● TASK STATEMENT
Transcribe all of the data exactly. Images stay out.

──────── ENTRIES PROVIDED ────────

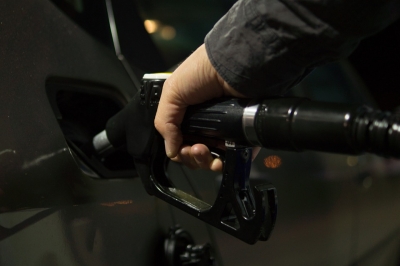 Gasoline price in Israel to reach 8-yr high | Gasoline price in Israel to reach 8-yr high Gasoline price in Israel to reach 8-yr high | Gasoline price in Israel to reach 8-yr high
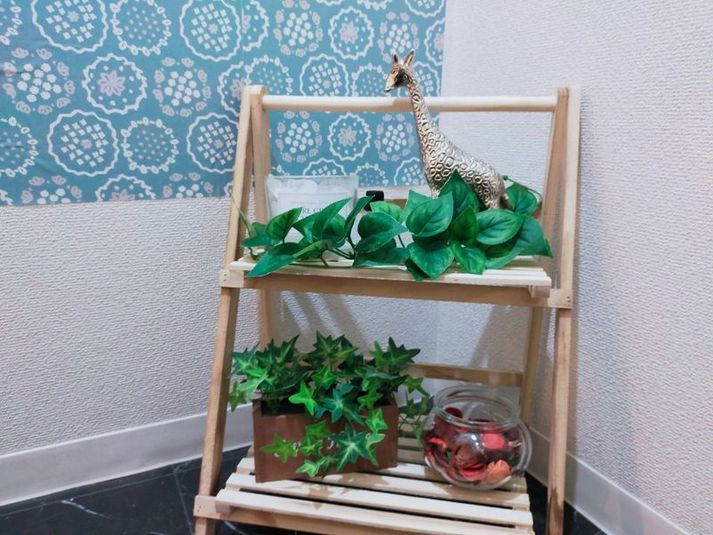 sunsun三宮 - ワイワイの実☆彡 sunsun三ノ宮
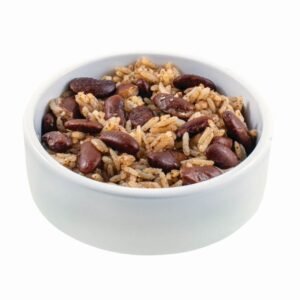 Riz Extra Plus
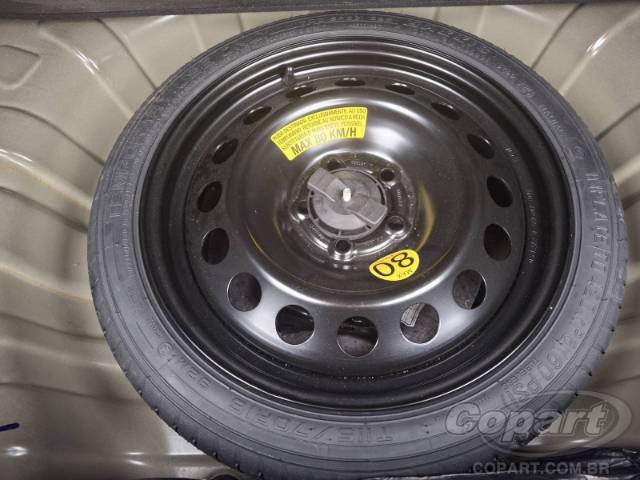 2023 CHEVROLET TRACKER 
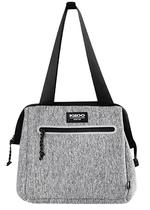 Bolsa Termica Igloo Heather 62111 9 Latas - Cinza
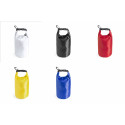 Bolsa de poliéster para presentear em várias cores à escolha
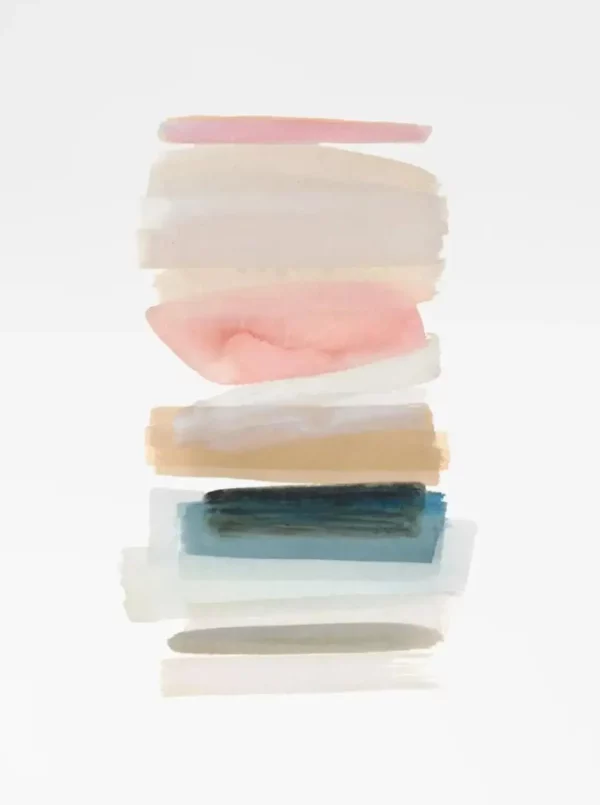 S19901cd426e74f5a998de6da3e66e3fez 1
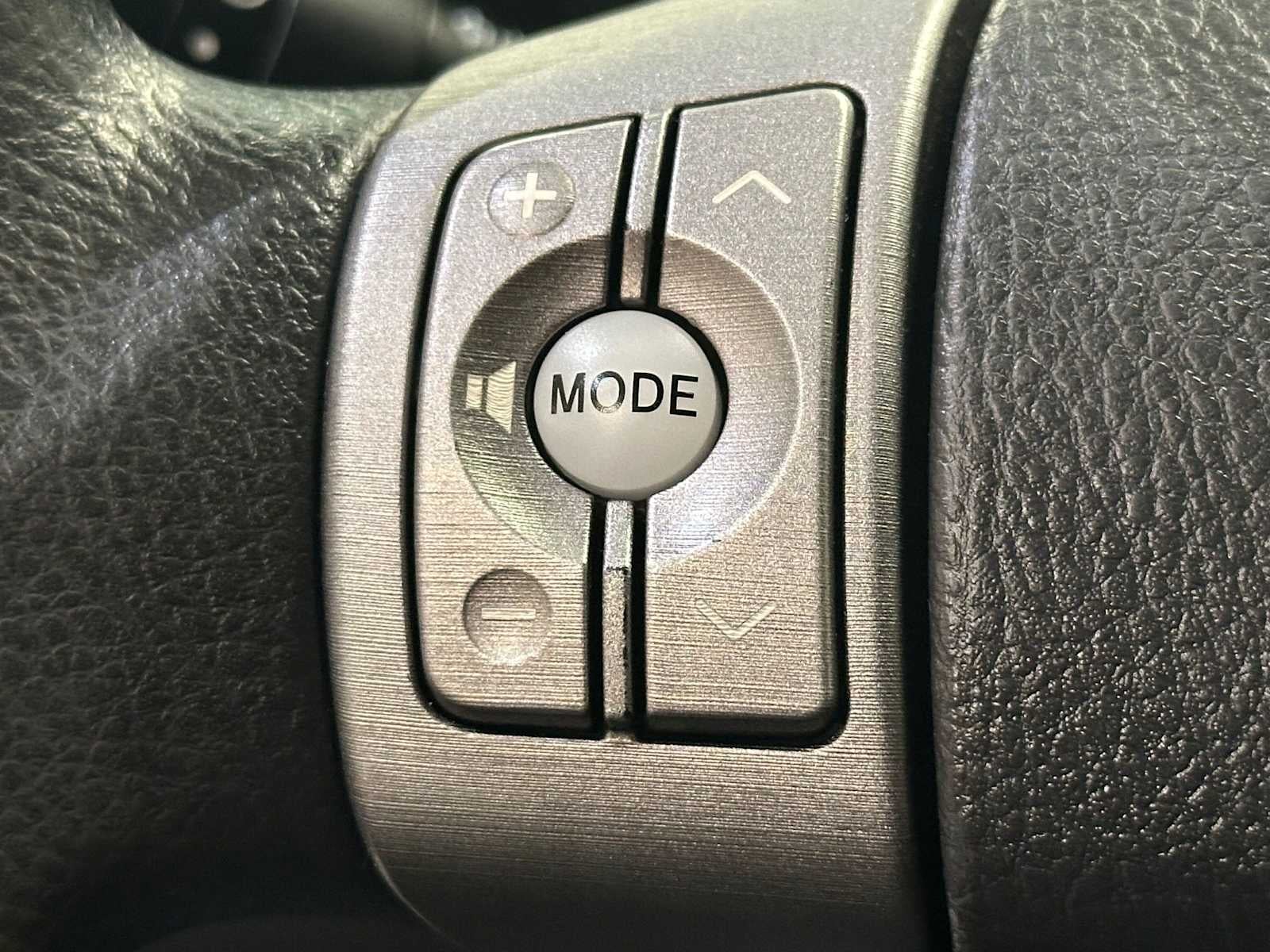 2006 Toyota RAV4 Sport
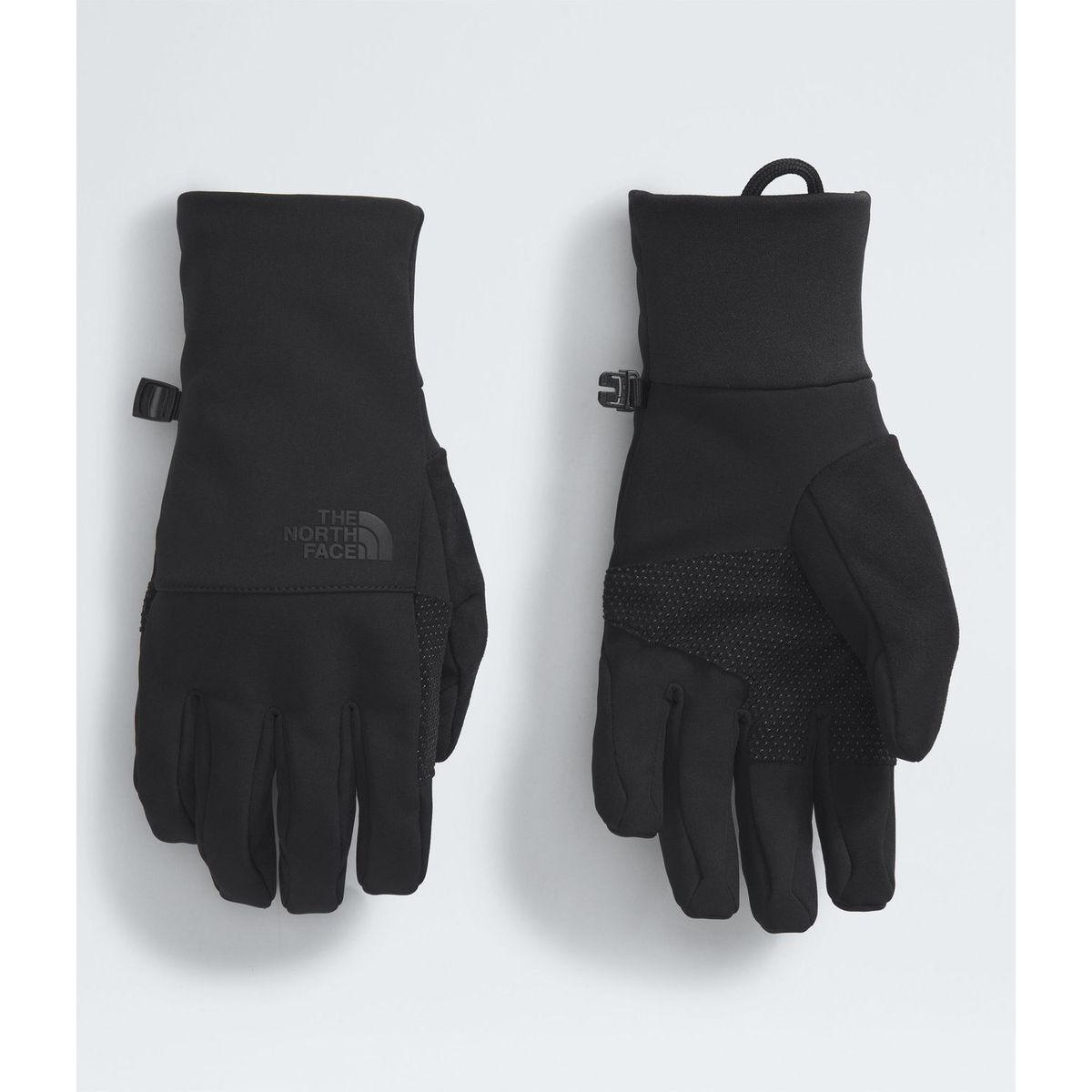 THE NORTH FACE - Guantes Apex Etip Glove Unisex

────────

● RESPONSE TO THE TASK
 Gasoline price in Israel to reach 8-yr high | Gasoline price in Israel to reach 8-yr high Gasoline price in Israel to reach 8-yr high | Gasoline price in Israel to reach 8-yr high
 sunsun三宮 - ワイワイの実☆彡 sunsun三ノ宮
 Riz Extra Plus
 2023 CHEVROLET TRACKER 
 Bolsa Termica Igloo Heather 62111 9 Latas - Cinza
 Bolsa de poliéster para presentear em várias cores à escolha
 S19901cd426e74f5a998de6da3e66e3fez 1
 2006 Toyota RAV4 Sport
 THE NORTH FACE - Guantes Apex Etip Glove Unisex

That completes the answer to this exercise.